Thursday, 29 September 2022

Mad Analysis: Mosley and the "Far-Right"

I couldn't agree more! I pointed out four years ago that Fascism/Naziism and Communism are Blood Brothers and to call Mosley a  'Man of the Right' is bollocks.

From The Mad Monarchist (3 December 2012)

It was on this day in 1980 that the washed up would-be dictator of Britain, Sir Oswald Mosley, Bt. died at his home in northern France. I doubt many in the United Kingdom today think of Mosley, but it is significant that, when they do, they will describe Mosley as the leader of the British Union of Fascists (which he was) usually with the preface of “the far-right” which is about as untrue as one could possibly be. However, he was, and is still remembered today, as a “bad guy” and the bad guys are always of the “far-right” in the modern media. However, if one were to take an honest look at the background of Oswald Mosley and the things he advocated for throughout his life, one would see that, rather than “far-right”, there was very little right-wing about him at all, in any degree. Just consider some of his positions and ask yourself if a politician holding these same positions today would be more at home on the political right or the left. You be the judge. Here are some of the political positions of Oswald Mosley:

  • Opposed the use of military force in Ireland (the Black and Tans).
  • Was a member of the British socialist Fabian Society.
  • Supported the nationalization of British industries.
  • Opposed free trade and supported protectionism; high tariffs on imported goods.
  • Supported more power for government, a government controlled economy in accordance with Keynesian economics (and those extra powers would not go to Parliament which he favored having less control over policy).
  • Supported the creation of a unitary European super-state.
  • Opposed large scale immigration to Great Britain from the Commonwealth.
  • Quit the Conservative Party in favor of the Labour Party and was finally forced out of the Labour Party because his proposals were too radically socialist.
  • Opposed pretty much every war that came along in his lifetime.
  • Called the House of Lords an unworkable anachronism and wanted it abolished.

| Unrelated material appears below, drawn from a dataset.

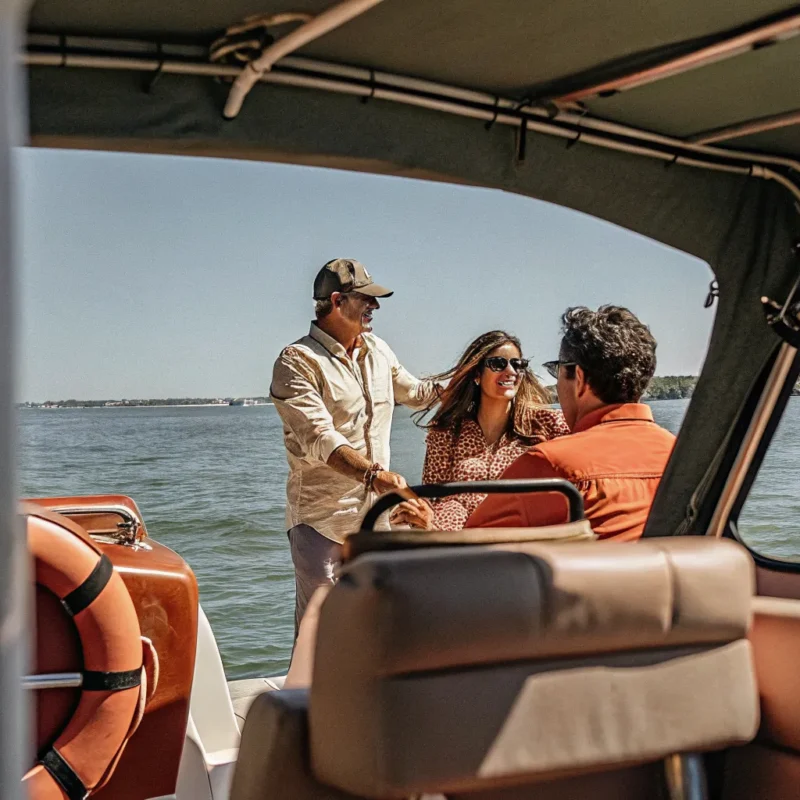 Family enjoying a sunny day boating on Boston Harbor with Massachusetts coastline in the background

Now, I will freely admit that I would have opposed the actions of the Black and Tans in Ireland as well but it was a policy more popular with the right than the left at that time. Opposition to large-scale immigration is also something that, these days, neither the Tories or Labour really seem to oppose. So, on the whole, I do not see how anyone could look at the entirety of the career of Oswald Mosley and conclude that he was a “far-right” political figure. Oh, but wait! He was anti-Semitic! That means he was a racist and the racists are all on the right. Right? Well, today, in mainstream politics anyway, no one wants to say anything that is clearly anti-anyone but I can say that, from what I have seen, hostility to Israel seems to be much more prevalent on the left than on the right. Take from that what you will though, there may not be very strong opinions even among Jews on the subject of Israel since, in my country anyway, the right is the most vocal in their support of Israel but most Jews vote consistently in favor of the left. Yet, broadly speaking, everywhere I look today, it is the left that wants to determine things based on race and the right which wants to treat everyone the same regardless of race with no special penalties or benefits for anyone.

I am sure, because it has happened any time I say that people like Hitler or Mussolini (who may or not have been one thing or the other on the political spectrum) were at least products of the political left, that someone will say that I am being terribly unfair, I am completely wrong and being utterly offensive. Well, I am afraid I may not be offensive enough so let me throw in another firebomb; there are plenty of people in British political life today that I would consider far worse than Oswald Mosley and I would even prefer someone like Mosley over a number of people on the political scene today in Great Britain and some other Commonwealth countries. Why do I say that? Because, frankly, Mosley does not scare me as much as some other people do. Part of that is because of something I would fundamentally disagree with Mosley on.

A fundamental difference I would have with Mosley is that he believed in ideology (as described by Pat Buchanan) as a “political religion” and that his brand of fascism would solve all of the problems of British society. I do not believe that to be the case by any means. A country built simply on ideology will have very shallow roots and, in my opinion, would not last long. For myself, certainly in the case of the United Kingdom, the key, the foundation, the most important thing (outside religion -though they are, of course, linked) is the monarchy and the fact of the matter is that Mosley was not against the monarchy. If that position changed later in life for him, I don’t know for certain but I have never heard that it did. On the subject of “Loyalty to the Crown” Mosley wrote that, “Whatever is good in the past we both respect and venerate. This is why, throughout the policy of the movement, we respect and venerate the Crown. Here, at least, is an institution, worn smooth with the frictions of long ago; which in difficult experience has been proven effective and has averted from this Empire many a calamity. We believe that, under the same impartial dispensation, the greatest constitutional change in British history may yet be peacefully achieved”. He meant, by that, of course the conversion of Great Britain from a parliamentary democracy to a fascist state.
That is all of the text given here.